__Exercise prompt__
Give back the whole listing exactly as written, pictures excluded.

__Data shown__
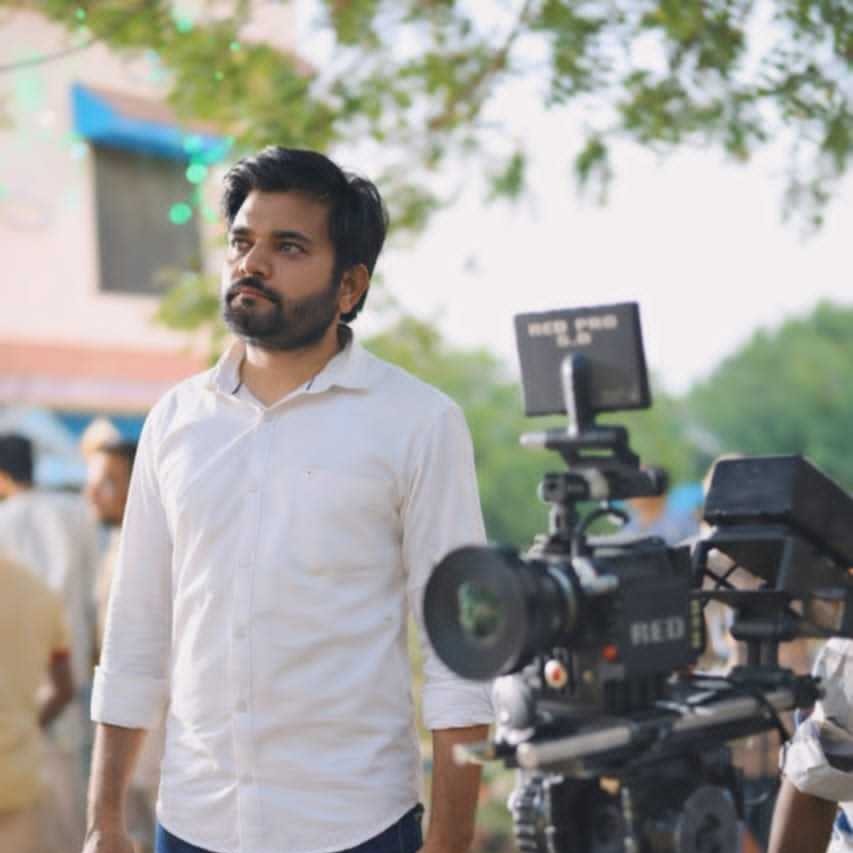 Ketan Ramavat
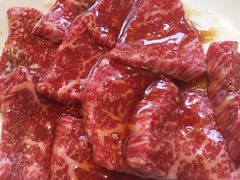 -俺的焼肉(銀座9丁目店)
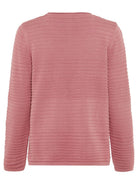 Pullover Long Sleeves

__Response area__
 Ketan Ramavat
 -俺的焼肉(銀座9丁目店)
 Pullover Long Sleeves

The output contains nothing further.